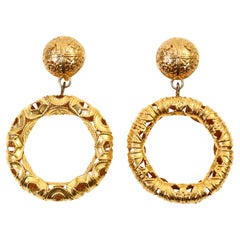 Vintage Monet Gold Tone Dangling  Etruscan Hoop Earrings Circa 1980s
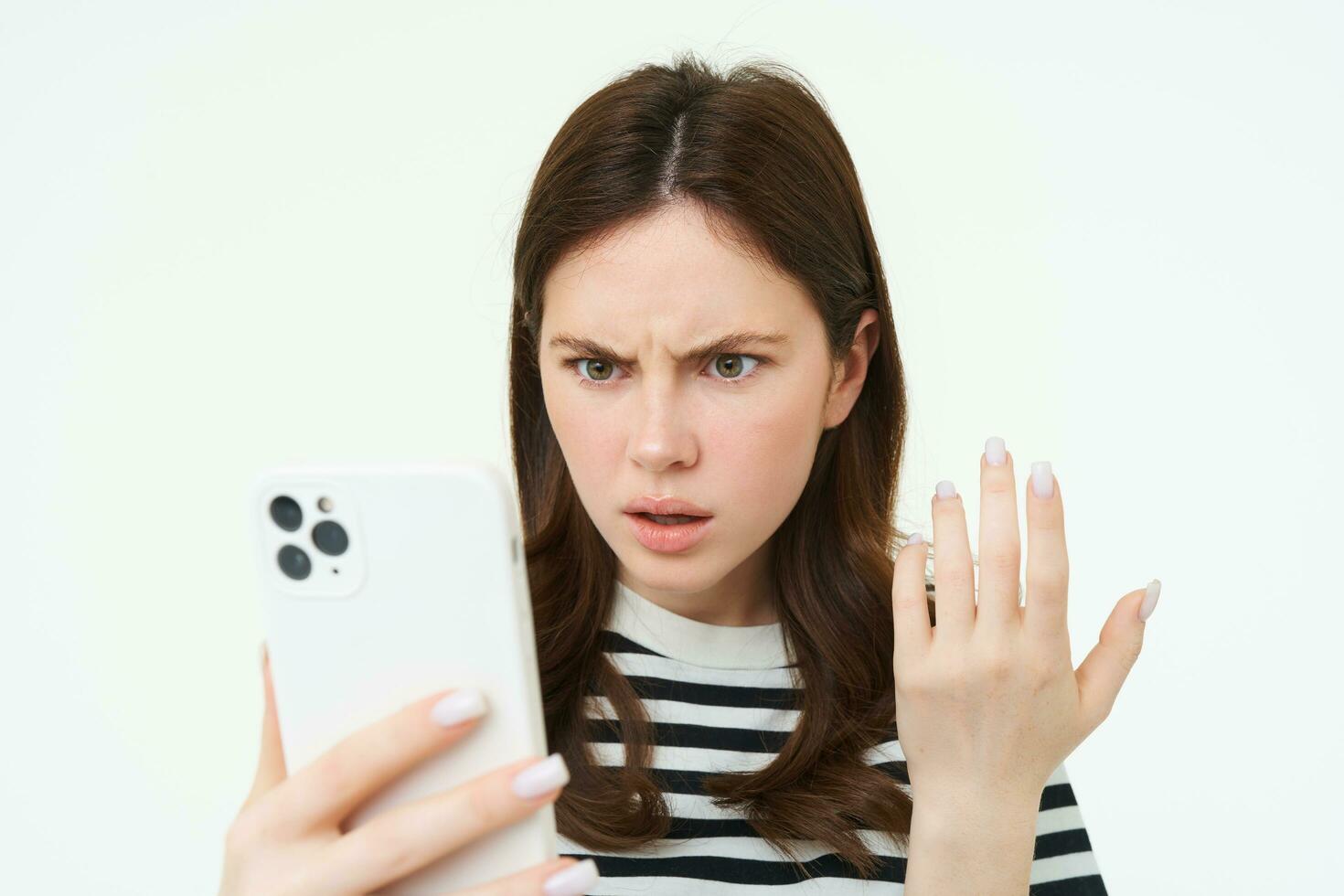 portrait de agacé fille regarder à sa mobile téléphone écran avec frustré affronter, blanc Contexte photo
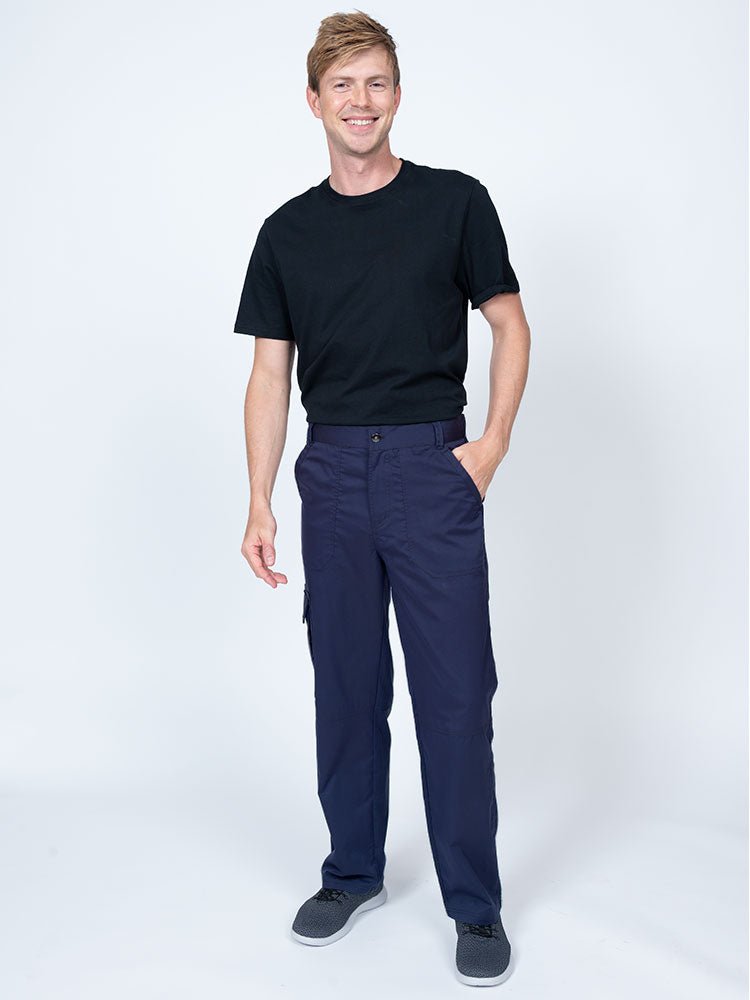 Male nurse practitioner wearing The Men's Button Front Scrub Pant from Epic by MedWorks in navy.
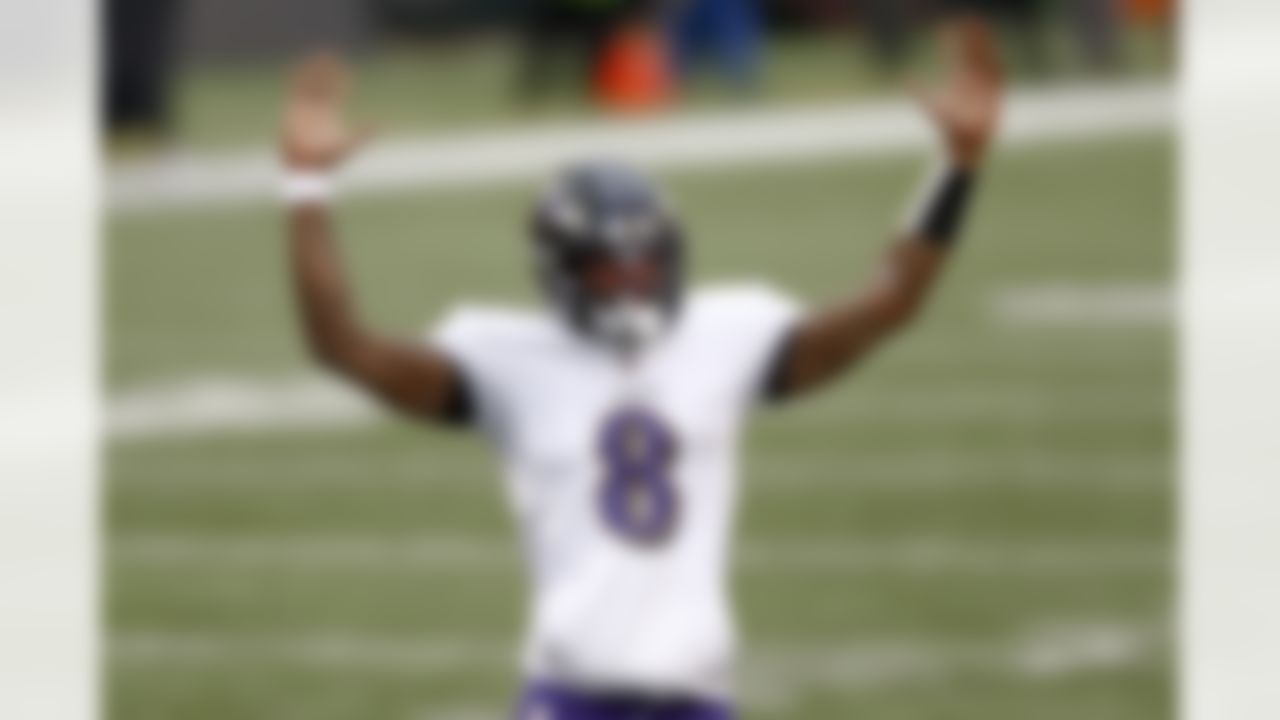 Baltimore Ravens quarterback Lamar Jackson (8) celebrates after running back J.K. Dobbins (27) ran in for a touchdown against the Cincinnati Bengals during the second half of an NFL football game, Sunday, Jan. 3, 2021, in Cincinnati.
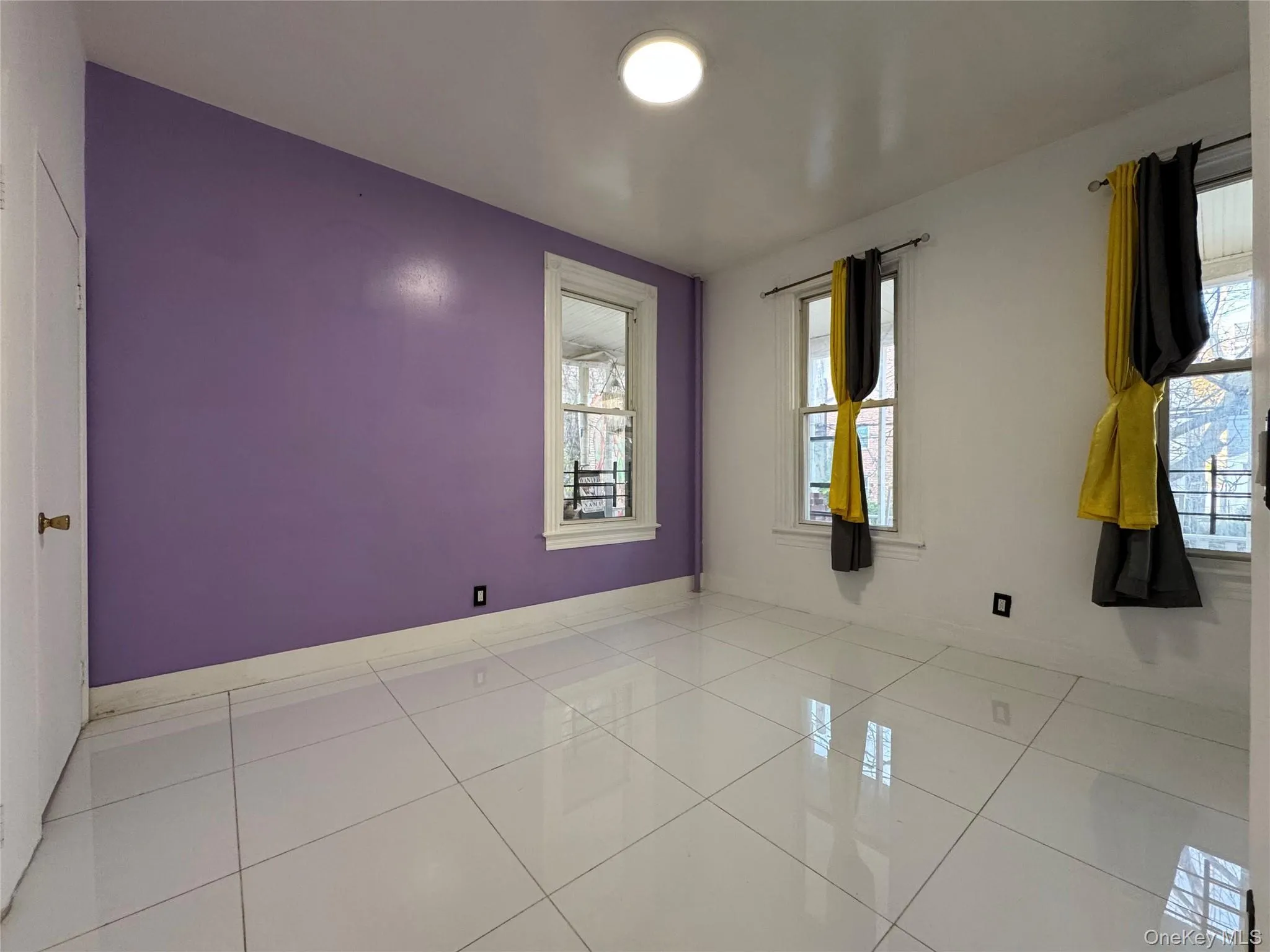 Tiled empty room featuring baseboards Tiled empty room featuring baseboards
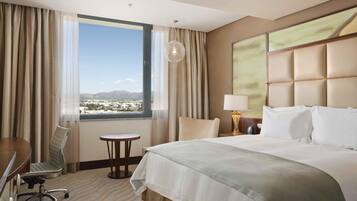 Habitación de hotel con una cama grande, un escritorio, una silla, una mesita y vistas a un paisaje urbano a través de un ventanal.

Problem requirements: Repeat each record verbatim, pictures excluded.

Reply:
 Vintage Monet Gold Tone Dangling  Etruscan Hoop Earrings Circa 1980s
 portrait de agacé fille regarder à sa mobile téléphone écran avec frustré affronter, blanc Contexte photo
 Male nurse practitioner wearing The Men's Button Front Scrub Pant from Epic by MedWorks in navy.
 Baltimore Ravens quarterback Lamar Jackson (8) celebrates after running back J.K. Dobbins (27) ran in for a touchdown against the Cincinnati Bengals during the second half of an NFL football game, Sunday, Jan. 3, 2021, in Cincinnati.
 Tiled empty room featuring baseboards Tiled empty room featuring baseboards
 Habitación de hotel con una cama grande, un escritorio, una silla, una mesita y vistas a un paisaje urbano a través de un ventanal.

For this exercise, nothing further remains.